Si l’on m’en avait laissé le temps, j’aurais peut-être déclaré que, puisqu’elle n’aimait pas les flirtations, mieux valait chercher ailleurs. Je n’eus pas l’occasion de protester ; Mme Jones me proposait déjà en qualité de montreur de photographies.

— Elle sera enchantée, dit-elle en me rejoignant deux minutes après. Oui, miss Spencer est justement celle qu’il vous faut, — si sérieuse, si intelligente.

Là-dessus, mon hôtesse me présenta.

Bien que miss Caroline Spencer ne fût pas une beauté, c’était une charmante petite personne, admirablement faite.

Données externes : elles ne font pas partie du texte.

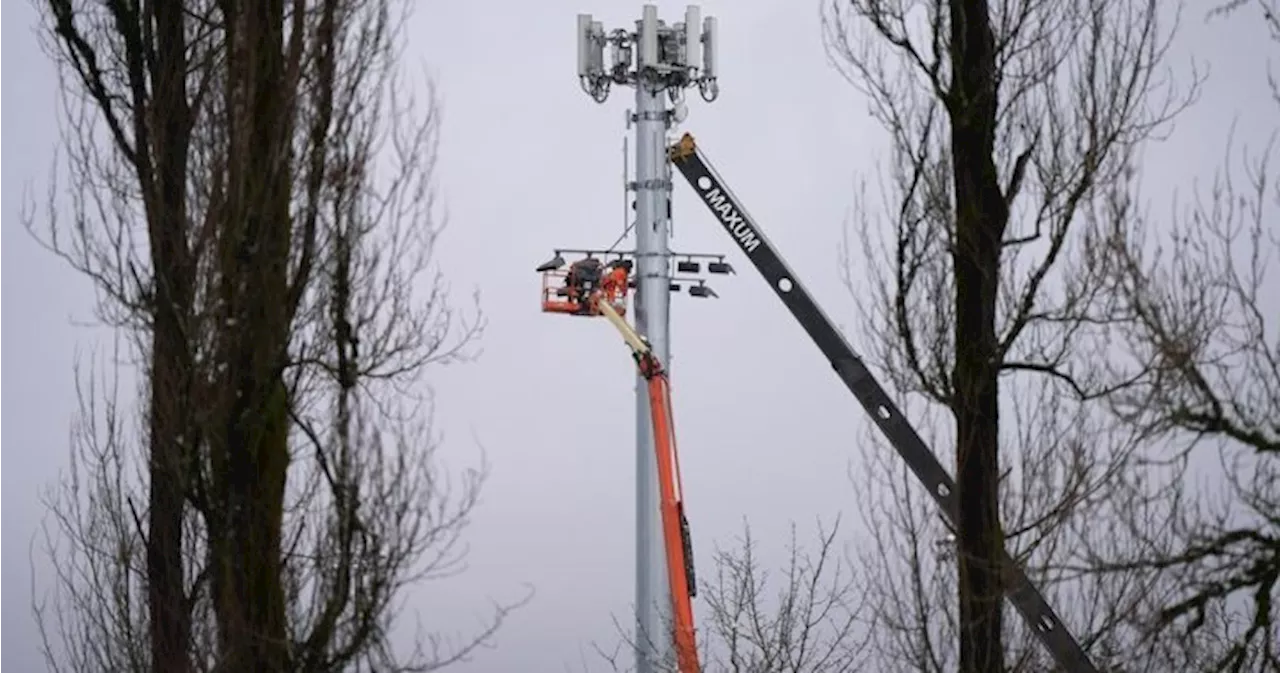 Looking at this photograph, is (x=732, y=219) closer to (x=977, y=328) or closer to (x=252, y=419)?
(x=977, y=328)

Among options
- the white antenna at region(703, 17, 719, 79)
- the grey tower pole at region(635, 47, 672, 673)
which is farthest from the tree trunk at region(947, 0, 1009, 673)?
the white antenna at region(703, 17, 719, 79)

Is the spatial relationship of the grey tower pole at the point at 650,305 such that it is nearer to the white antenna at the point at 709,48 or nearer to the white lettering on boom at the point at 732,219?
the white lettering on boom at the point at 732,219

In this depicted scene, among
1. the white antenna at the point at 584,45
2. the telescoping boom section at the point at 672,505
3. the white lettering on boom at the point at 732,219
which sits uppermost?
the white antenna at the point at 584,45

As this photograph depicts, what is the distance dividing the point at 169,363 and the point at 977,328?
4148 mm

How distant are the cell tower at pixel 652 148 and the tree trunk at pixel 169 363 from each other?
8918mm

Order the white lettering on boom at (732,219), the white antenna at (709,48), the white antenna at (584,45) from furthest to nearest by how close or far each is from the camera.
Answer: the white antenna at (709,48) → the white antenna at (584,45) → the white lettering on boom at (732,219)

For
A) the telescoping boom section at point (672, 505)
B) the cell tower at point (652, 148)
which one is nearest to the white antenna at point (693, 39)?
the cell tower at point (652, 148)

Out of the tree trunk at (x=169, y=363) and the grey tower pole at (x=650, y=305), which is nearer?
the tree trunk at (x=169, y=363)

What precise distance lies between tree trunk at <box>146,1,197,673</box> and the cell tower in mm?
8918

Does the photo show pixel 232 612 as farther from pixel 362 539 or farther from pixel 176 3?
pixel 176 3

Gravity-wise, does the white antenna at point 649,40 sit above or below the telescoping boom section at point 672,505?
above

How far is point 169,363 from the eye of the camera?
9.45 m

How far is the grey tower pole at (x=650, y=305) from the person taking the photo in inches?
720

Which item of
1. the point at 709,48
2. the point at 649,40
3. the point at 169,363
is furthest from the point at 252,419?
the point at 709,48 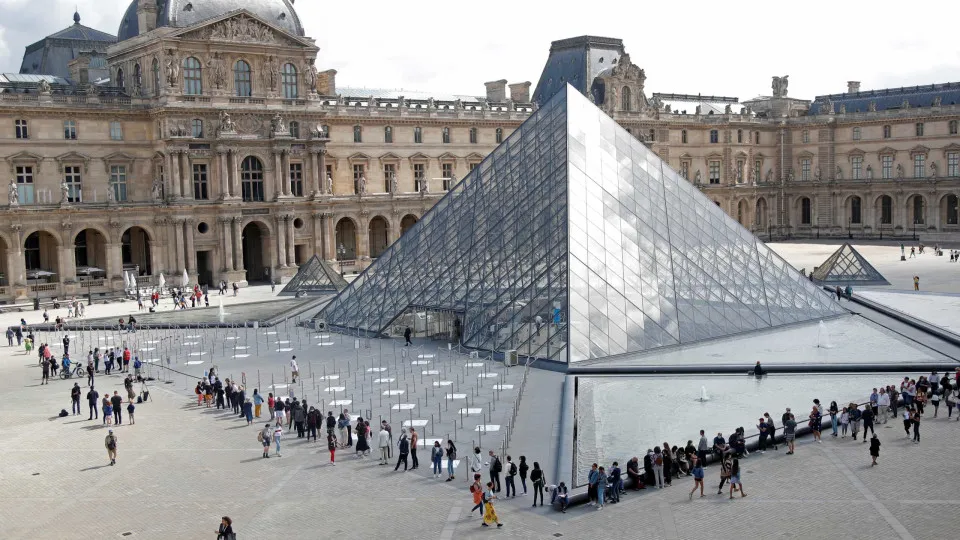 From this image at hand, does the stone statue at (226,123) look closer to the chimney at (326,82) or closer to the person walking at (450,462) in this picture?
the chimney at (326,82)

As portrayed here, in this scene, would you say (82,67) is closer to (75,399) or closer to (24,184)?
(24,184)

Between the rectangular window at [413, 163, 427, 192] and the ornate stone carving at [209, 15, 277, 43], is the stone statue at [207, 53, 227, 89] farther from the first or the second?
the rectangular window at [413, 163, 427, 192]

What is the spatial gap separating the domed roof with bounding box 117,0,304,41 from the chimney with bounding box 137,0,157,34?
0.82ft

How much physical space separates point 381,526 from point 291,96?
141 feet

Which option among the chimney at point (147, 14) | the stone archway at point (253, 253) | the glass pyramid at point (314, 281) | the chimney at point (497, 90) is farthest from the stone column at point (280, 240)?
the chimney at point (497, 90)

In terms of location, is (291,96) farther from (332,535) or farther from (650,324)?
(332,535)

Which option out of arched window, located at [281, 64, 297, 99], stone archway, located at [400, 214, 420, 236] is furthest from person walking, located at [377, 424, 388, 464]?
stone archway, located at [400, 214, 420, 236]

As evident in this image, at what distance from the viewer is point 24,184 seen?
1956 inches

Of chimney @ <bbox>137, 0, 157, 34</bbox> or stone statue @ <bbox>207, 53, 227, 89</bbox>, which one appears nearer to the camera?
chimney @ <bbox>137, 0, 157, 34</bbox>

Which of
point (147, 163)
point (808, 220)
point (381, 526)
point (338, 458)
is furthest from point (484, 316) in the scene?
point (808, 220)

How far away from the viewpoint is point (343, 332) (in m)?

Elle devait friser la trentaine ; mais sa taille et la fraîcheur merveilleuse de son teint lui donnaient presque l’air d’une enfant. Elle avait une très jolie tête, et ses cheveux étaient arrangés comme ceux d’un buste grec. Je la soupçonnai de goûts artistiques, si tant est que le séjour de Grimwinter fût capable de favoriser des tendances de ce genre.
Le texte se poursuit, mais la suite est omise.